One can create an application that will look like a native application, will be able to use device's hardware like camera and accelerometers, receive push notifications, have a launcher icon, work in offline, store local data, etc.
While native apps are written to run on mobile devices, PWAs are written to run inside a web browser. Native apps are developed with the programming languages of each platform (Objective-C and Swift for iOS and Java for Android), whereas, PWA uses HTML, CSS, and JavaScript.
However, a PWA can be listed in many app stores today as an optional distribution channel, including Google Play Store (for Android and ChromeOS), Microsoft Store (for Windows 10 and 11), and Apple AppStore (for iOS, iPadOS, and macOS).
TL;DR - As of Feb 2017, Progressive Web Apps are a sufficiently powerful platform that Twitter has moved all of their mobile web traffic to a React PWA.
As of August 2016, Progressive Web Apps actually offer more hardware access than commonly thought. Here's a screenshot of whatwebcando.today from my Chrome 52 stable on Android:
These features are being implemented or already work in some browsers:
Another important point to note is that the Origin Trials Framework (implemented in Chrome) enables manufacturers to expose and test hardware (or software) capabilities without having to go through the standardization process.
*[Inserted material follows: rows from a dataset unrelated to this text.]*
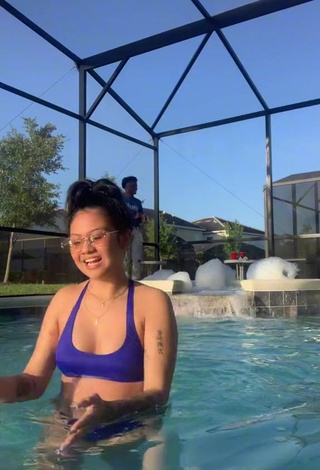 Beautiful Carly Sarah Shows Cleavage in Sexy Blue Bikini Top at the Swimming Pool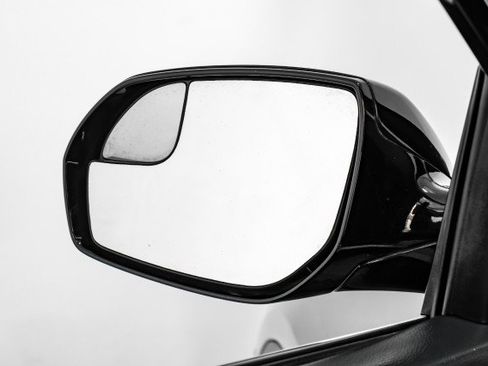 Used 2018 Hyundai Santa Fe SE image 35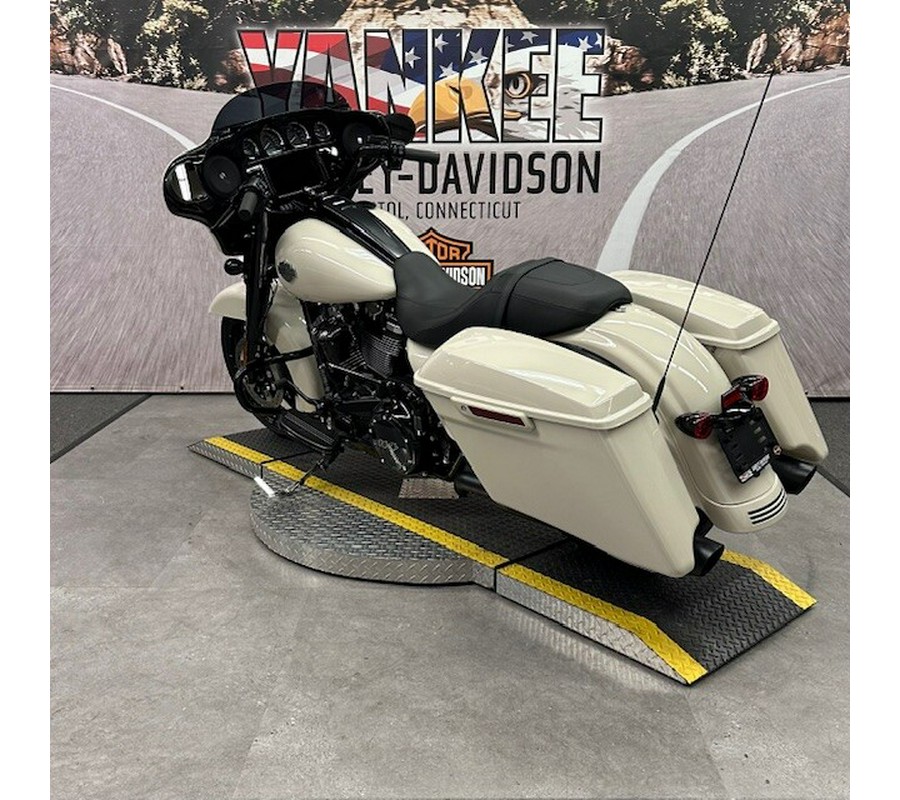 2022 FLHXS Street Glide Special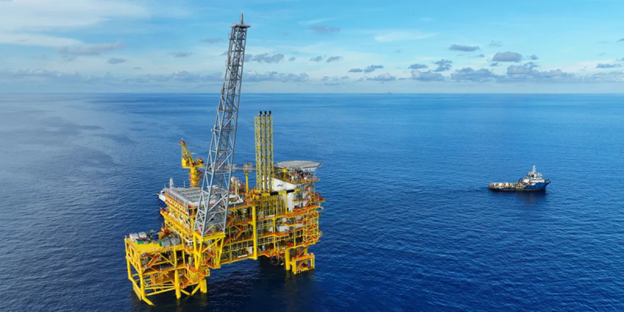 Khoan sâu 5.100 mét xuống đáy biển, phát hiện mỏ khí tự nhiên hơn 140 tỷ m3 cùng 300 triệu thùng dầu 'sạch' - Ảnh 1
For example, a phone maker could expose an API for reading the values of a pressure sensor, refine it, then submit it for consideration to the W3C.
Besides hardware access, there are also software features traditionally employed by native apps that are now available to web apps.
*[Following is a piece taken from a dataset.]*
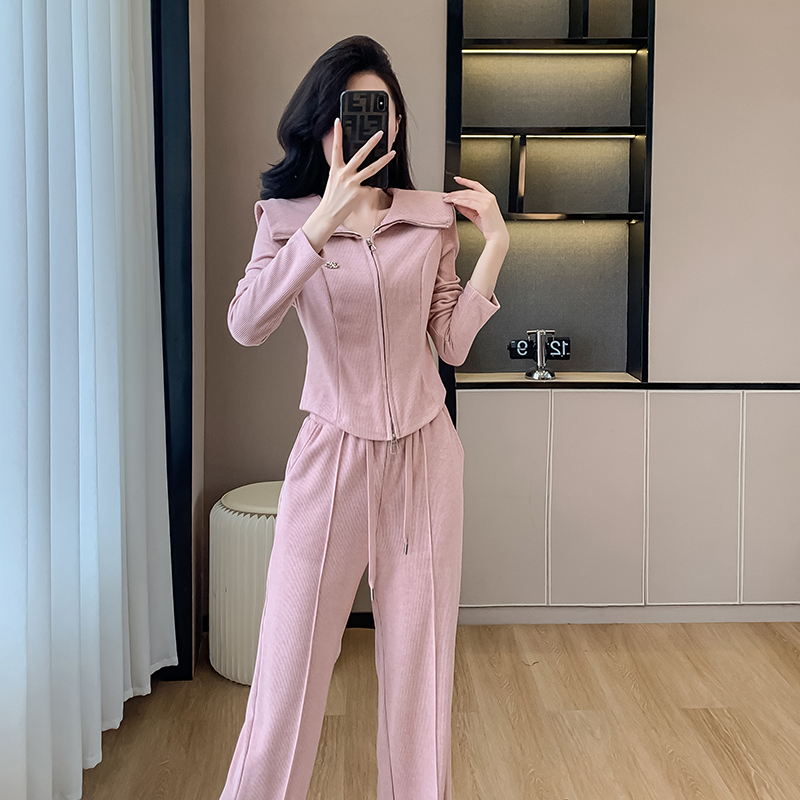 작은 샤넬 스타일 패션 핑크색 긴팔 후드티 와이드 레깅스 바지 2026 봄 새로운 캐주얼 운동복 투피스 슈트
hardware-accelerated 2D/3D graphics via HTML5 Canvas or WebGL - check some of the HTML5 Canvas demos, WebGL sites or the three.js library. A 2014 benchmark of the Unity cross-platform game engine compared native vs. WebGL rendering performance, and concluded that
"The most important takeaway is, while there are still areas where WebGL is significantly slower than native code, overall you can get expect very decent performance already, and this can only get better in the future."
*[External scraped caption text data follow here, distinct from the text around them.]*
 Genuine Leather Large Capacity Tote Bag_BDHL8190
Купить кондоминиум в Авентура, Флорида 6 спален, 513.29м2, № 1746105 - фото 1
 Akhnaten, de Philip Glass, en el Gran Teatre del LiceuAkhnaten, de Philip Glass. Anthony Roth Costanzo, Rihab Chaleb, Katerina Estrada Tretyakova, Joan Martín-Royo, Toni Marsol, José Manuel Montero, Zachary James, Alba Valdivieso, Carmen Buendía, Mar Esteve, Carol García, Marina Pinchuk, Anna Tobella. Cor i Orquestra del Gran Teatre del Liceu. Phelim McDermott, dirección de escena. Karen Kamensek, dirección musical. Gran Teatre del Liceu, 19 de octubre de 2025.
The gap has indeed been closing.
These features cover a lot of use cases, and many popular native apps nowadays could be rewritten as PWAs. Take Slack, for example. Its open source alternative, Rocket.Chat, is building a PWA version. For more PWA demos, see https://pwa.rocks.
Final note: PWAs run, with the same codebase, on the desktop as well as most mobile devices. On desktop environments (ChromeOS, and later Mac and Windows), they're launched in the same way as other apps, and run in a regular app window (no browser tab).
The main advantage for native applications is that they can access all native APIs a platform could offer (contacts, camera flash, SMS, telephony, network, bluetooth, sensors, raw sockets...) while a progressive web application can not (yet) as they are constrained by the Standard Web capabilities.
The goal for progressive web applications is to expand these capabilities to cover the most critical cases. In this mood, take a look at Progressive Web Apps: Escaping Tabs Without Loosing Our Soul where you can find a list of what a progressive web application should offer:
- Responsive: to fit any form factor
- Connectivity independent: Progressively-enhanced with Service Workers to let them work offline
- App-like-interactions: Adopt a Shell + Content application model to create appy navigations & interactions
- Fresh: Transparently always up-to-date thanks to the Service Worker update process
- Safe: Served via TLS (a Service Worker requirement) to prevent snooping
- Discoverable: Are identifiable as “applications” thanks to W3C Manifests and Service Worker registration scope allowing search engines to find them
- Re-engageable: Can access the re-engagement UIs of the OS; e.g. Push Notifications
- Installable: to the home screen through browser-provided prompts, allowing users to “keep” apps they find most useful without the hassle of an app store
- Linkable: meaning they’re zero-friction, zero-install, and easy to share. The social power of URLs matters.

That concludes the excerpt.